Gareth and my father used to play football in the garden of the cottage. They moved two stones from the top of the drystone wall marking the boundary between the two properties and used them for goal posts. I used to watch them, sometimes with Kate. Gareth was too small to shoot from a long way out. He had to get close to the goal before he could kick the ball far enough to take a shot, but then my father would come charging out like an old bear and bundle him over and take the ball. He'd hold him off with one arm until Gareth got tired trying to run around him. They would both be laughing and panting. When the boy began to kick his shins my father would drop-kick the ball into a far corner of the field. He used to find that funny. He didn't like it when I called him a cheat. "If I didn't cheat," he said, "I couldn't play with him."
"He loves you," Kate said.
"Did you use to cheat like that when you played with me?"
"I honestly can't remember."
"As your doctor, I'm telling you, you should take it easy out there."
As Gareth got closer you could always hear him talking to himself breathlessly. At first it was just mumbling, but as he got closer you would hear this running commentary on his own game: "He passes to Rush. Rush beats one man. He beats two. Still Rush. He turns. Shoots. Scores!"
Ian Rush is Liverpool's star striker and a Welshman. Kate told me that Gareth was once sent home from Sunday school for carving graffiti into the desks. He carved "Liverpool AFC" and "You'll never walk alone" and "Ian Rush walks on water."
I was a big disappointment to Gareth, I think. He would run up to me where I leaned on the gate with his mother and try to pull me away.
"Why don't you play?" he'd ask.
"I don't think so, Gareth. I've got a bad ankle."
"But you're a doctor."
"Doctors get hurt too."
"But you can make yourself better."
"I'm on holiday. I don't even make myself better on holiday."
Another time he said to me, "Why don't you live here? Your dad lives here. If you lived here your ankle might get better and you could play football with us."
Another time he said, "If you had a little boy he'd want you to play with him."
"Gareth, I'm not even married."
"So? Do you have a girlfriend?"
"Gareth, don't you have anyone your own age to play with?"
"No."
The first time I met Gareth, he scored a goal and threw himself to his knees the way he had seen the players do on TV Unfortunately, my father's field wasn't Anfield and he slid into a half-buried rock. He began to wail. His mother came rushing out of their house, and my father ran to the boy.
"It's okay," my father kept saying.
"What happened?" Kate said.
They called me to have a look at him, but I just smiled and waved. My father came over.
"What's wrong with you?" he said, "dome and look at the boy. He's got hurt playing with me and his mother's worried. What kind of a doctor are you?"
"He's fine," I said. "You can see it from here. Look at him rolling around. If he has that much movement in the knee there's no damage. All he wants is sympathy, which you're much better at giving."
"Don't be childish. At least put the mother's mind at rest."
Kate looked over at us at that moment. She had that hard stare of hers, the one that says, "1 don't care, but make your mind up." It's the one she has when she stands behind her customers as they look in the mirror and try to tell her how they want their hair. Anyway, it made me go over.
"Hold still, Gareth. I can't help if you don't let me look at it." He stopped for a moment and looked at me and I lifted his leg and felt around the knee. "Does that hurt? That?" I looked thoughtful for a moment. I flexed his leg. "Well, Gareth, I would have to say that in my carefully considered opinion, what we've got here"—I paused for effect—"is a bad knee."
He didn't get it, but Kate did. She laughed out loud. She couldn't stop. She told me later it wasn't that funny. She was just so relieved. Gareth looked at her in amazement, but it made him forget his knee. She tried to say she was sorry, but when she saw his face she went off again.
"You better lay off football for a while," I said, and that's when my father promised he'd teach him how to fish and they marched down to the stream, leaving me alone with Kate.

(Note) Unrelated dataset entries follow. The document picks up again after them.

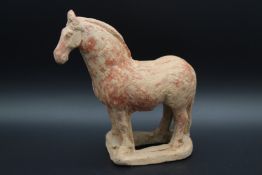 AN ANCIENT TERRACOTTA HORSE. 5ins high.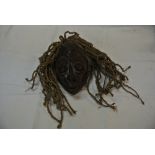 COLLECTABLES - A hand carved tribal mask with rope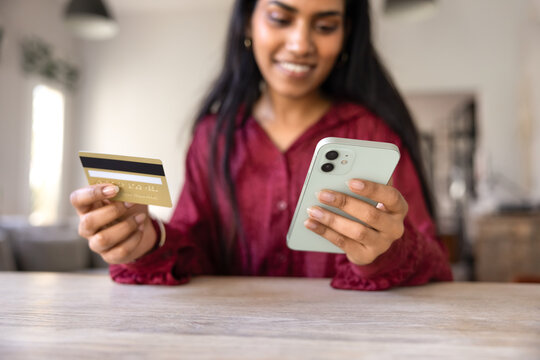 Positive young Indian consumer woman paying for purchases by credit card, using mobile phone for shopping on e-commerce platform, managing account on bank financial application. Cropped close up shot
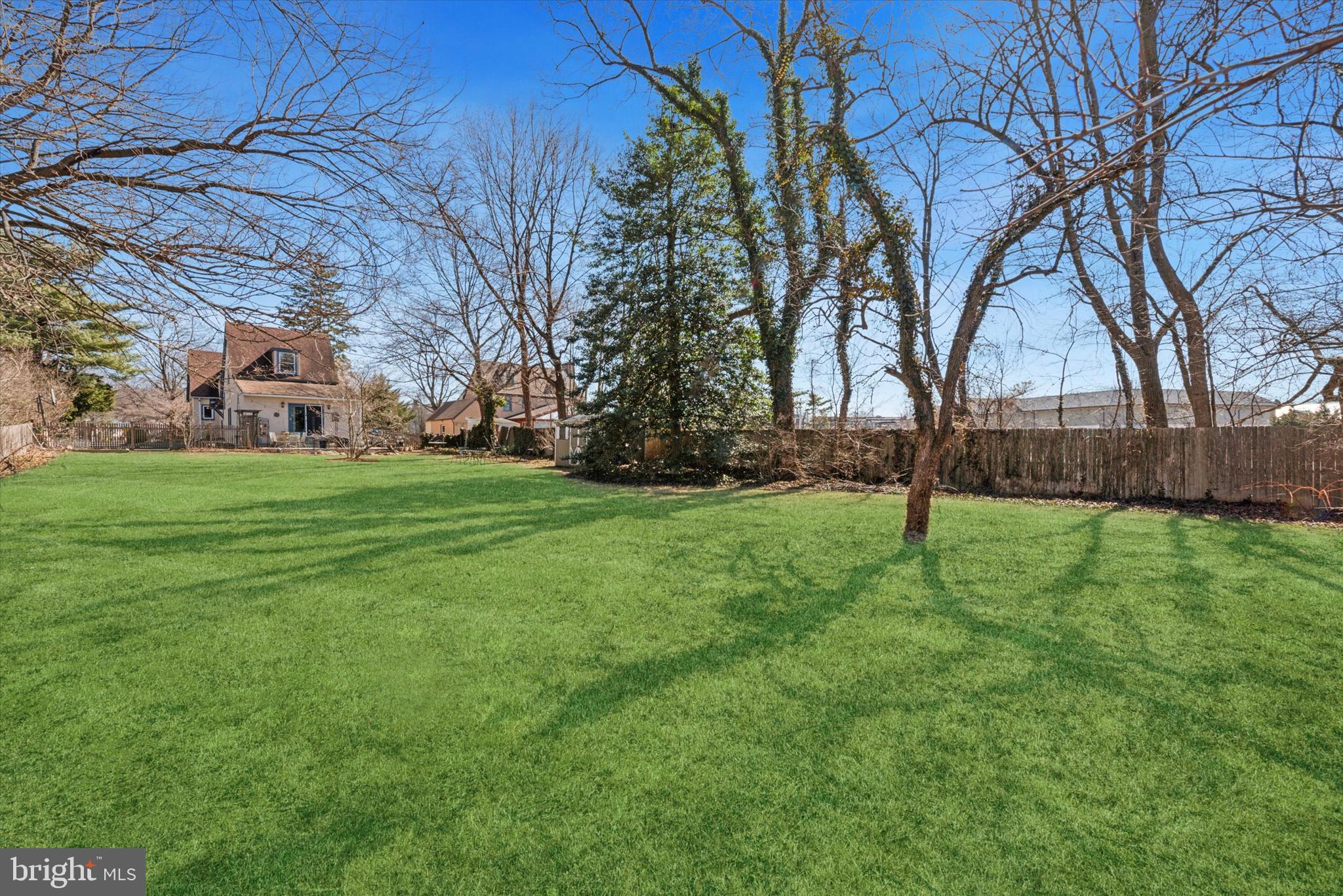 48 Old Eagle School Road Wayne, PA 19087 - Photo 30 of 33 a view of a backyard with large trees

Perspective in Renaissance Painting
We sit at the back of the chapel. The coffin has been placed end on to the aisle rather than side on and from here it is hard to tell how long it really is. It looks about the size I'm used to. The discovery reminds me of perspective in Renaissance painting.
The coffin is closed, but the minister talks about Gareth's love of football and of Liverpool and 1 imagine him lying there in the red shirt he was always so proud of, with Ian Rush's number nine on the back.
Kate and her father are sitting in the front row. Her head is bowed, but her shoulders are still and I am sure she is dry-eyed. My father leans over and whispers in my ear, "1 only wish we could have caught one fish. I promised him we'd get one." I shake my head. My father was supposed to take the boy fishing last week. He forgot when they were meeting and he was out shopping when Gareth came for him. The boy went to play in our drive while he waited. He was swinging on the stone gatepost when it toppled over on him. It was solid slate. It's still lying to one side of the drive, and I will offer to help carry it out of the way sometime. It will take two of us, although my father hurled it there by himself when he found the boy. Not that it made any difference.
There are only four pallbearers. The coffin rides on their shoulders, but each with his free hand holds it in place as if it were so light it might just float away.
No one has said anything to us at the chapel, but when we get up to leave, two men slide into the pew on either side of us. I recognize the one next to me as the local grocer. He once told me that my father had bought a bar of soap off him every day for a week. Sure enough, under the sink at the cottage I found bar after bar after bar, but when I asked Father if he had some he said, "No, I think I must have run out."
"Sorry," the grocer says. "The family would prefer if you don't come to the grave."
Father hangs his head and looks at his hands.
"My father wants to pay his respects," I say. I'm watching people file out.
"The family would prefer if he stayed away."
"Did Kate say that?"
"The family."
The man next to my father says something to him in Welsh.
"What did he say? What did you say to my father? What did he say to you?"
No one answers.
"Take your father home," the grocer says.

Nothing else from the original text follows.